Abstract

Changes in the circumstances behind in situ temperature measurements often lead to biases in individual station records that, collectively, can also bias regional temperature trends. Since these biases are comparable in magnitude to climate change signals, homogeneity “corrections” are necessary to make the records suitable for climate analysis. To quantify the effectiveness of U.S. surface temperature homogenization, a randomized perturbed ensemble of the USHCN pairwise homogenization algorithm was run against a suite of benchmark analogs to real monthly temperature data. Results indicate that all randomized versions of the algorithm consistently produce homogenized data closer to the true climate signal in the presence of widespread systematic errors.

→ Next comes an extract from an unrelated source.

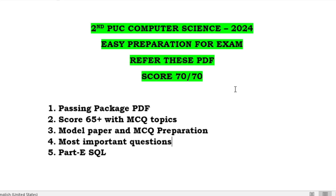Hello, my dear students, welcome back to my channel Logic Flow. Most of the students have requested to upload the PDF, so I have designed a small content for you which will help you to prepare for your exam very easily. You need to refer these PDFs — the link is given in the description box. You can download these PDFs and prepare for your exam very easily and score 70 out of 70.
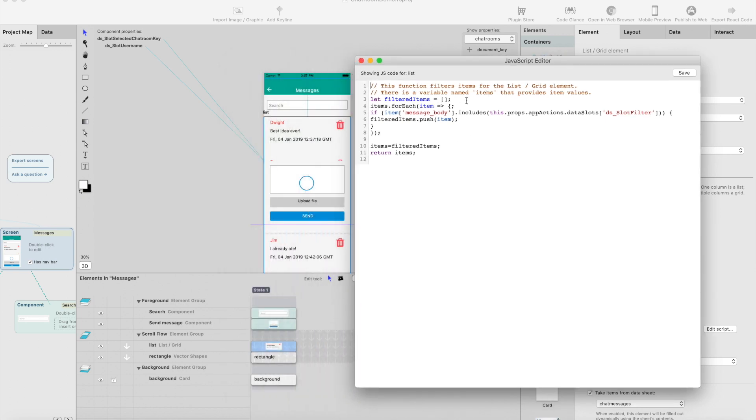There's a variable called items which contains the data sheet for the list. Basically, it's just the objects that are going to be shown in the list.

When applied to the real‐world observations, the randomized ensemble reinforces previous understanding that the two dominant sources of bias in the U.S. temperature records are caused by changes to time of observation (spurious cooling in minimum and maximum) and conversion to electronic resistance thermometers (spurious cooling in maximum and warming in minimum). Error bounds defined by the ensemble output indicate that maximum temperature trends are positive for the past 30, 50 and 100 years, and that these maximums contain pervasive negative biases that cause the unhomogenized (raw) trends to fall below the lower limits of uncertainty. Moreover, because residual bias in the homogenized analogs is one‐tailed under biased errors, it is likely that maximum temperature trends have been underestimated in the USHCN. Trends for minimum temperature are also positive over the three periods, but the ensemble error bounds encompass trends from the unhomogenized data.